By Peter Flanagan and Donal O'Donovan
Saturday January 12 2013
AS much as 70pc of Start mortgages are in trouble, according to new accounts for part of the business.
Accounts just filed for Lansdowne Mortgage Securities No2 – one of the companies that the subprime lender used to finance its aggressive push into the Irish market – show that €107.8m of the company's loan book is at least one month past due but not classed as "impaired". Some €57.5m, or about 23pc of the company's book, is more than a year past due.
Taking into account the €63.6m worth of loans that the company classes as "impaired", more than 70pc of the firm's €242.7m loan book is in trouble of some description.

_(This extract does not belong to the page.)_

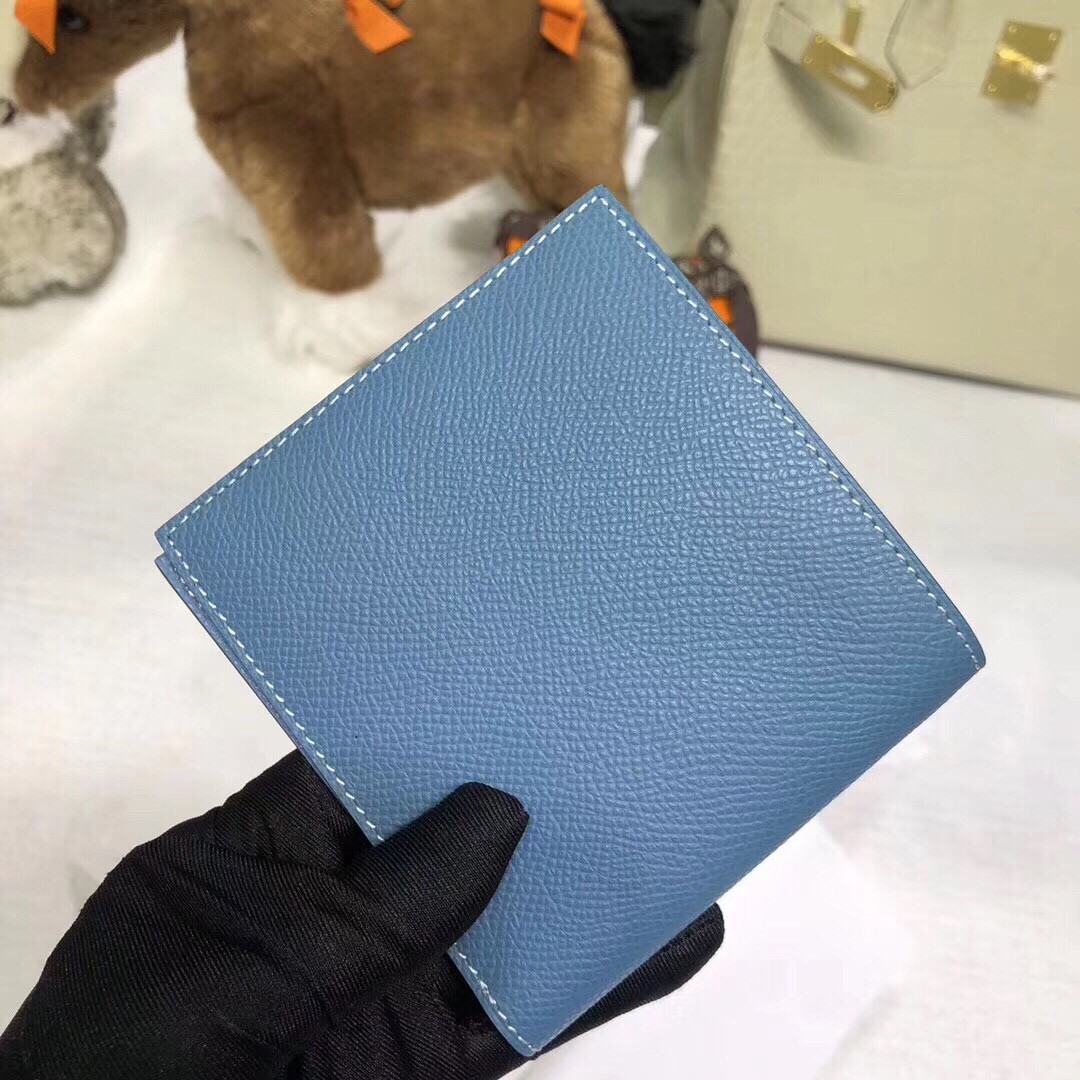 H**me5 poker compact wallet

At the height of the boom, Start Mortgages bundled up hundreds of millions of Irish home loans and sold the debt on to investors in the bond markets. It is now seen as the lender most likely to repossess homes over unpaid debts. Start Mortgages has become a frequent visitor to the courts.
The lender was behind one in three of the 124 repossession orders handed down by the High Court in the first half of 2012, according to figures from the courts service.
Nine lenders, including big players AIB and Bank of Ireland, were responsible for the other two-thirds of cases.
Start was one of the more aggressive lenders in Ireland during the property bubble, often making home loans when Irish banks were unwilling to lend.
The loans came at the cost of higher interest rates than traditional lenders charge.
Lansdowne Number 2 was incorporated in November 2006, right at the peak of the boom.
For the year to the end of March 2012, the company saw losses more than double to €4.8m, driven by an increase in loan impairments from €8.1m in 2011 to €11.5m.